Poster
in
Workshop: Integrating Generative and Experimental Platforms for Biomolecular Design
Steering Generative Models with Experimental Data for Protein Fitness Optimization
Jason Yang · Wenda Chu · Daniel Khalil · Raul Astudillo · Bruce Wittmann · Frances Arnold · Yisong Yue
Protein fitness optimization involves finding an ideal protein sequence satisfying desired quantitative properties in an astronomically large design space of possible sequences, where it is often only possible to measure real-world fitness for few (hundreds of) sequences. Existing machine learning approaches for efficiently navigating the protein design space broadly fall into two categories–discriminative (often supervised) modeling and generative modeling–each with their own strengths and weaknesses. Supervised models can be used to identify promising variants, but require predicting fitness values for all possible sequences in a design space. Generative models, on the contrary, are not hampered by the size of a design space, but historically it has been difficult to direct these models toward specific fitness goals.
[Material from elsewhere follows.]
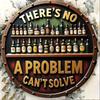 Metal Tin Sign Retro Art 20x20cm Home Wall Decor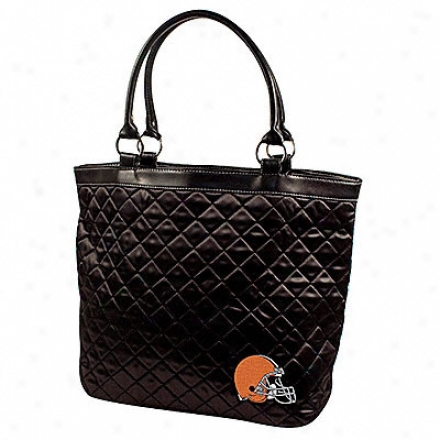 Cleveland Browns Quiltec Tote Bag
To address these limitations, we propose a framework for protein sequence optimization in which generative priors on natural sequences are steered with assay-labeled fitness data, taking advantage of both unlabeled and labeled data. Specifically, we evaluate discrete diffusion and language models in combination with various steering techniques such as guidance and reinforcement learning. Our computational studies on the TrpB and CreiLOV protein fitness datasets show that various methods, particularly guidance with discrete diffusion models, are effective strategies for protein fitness optimization.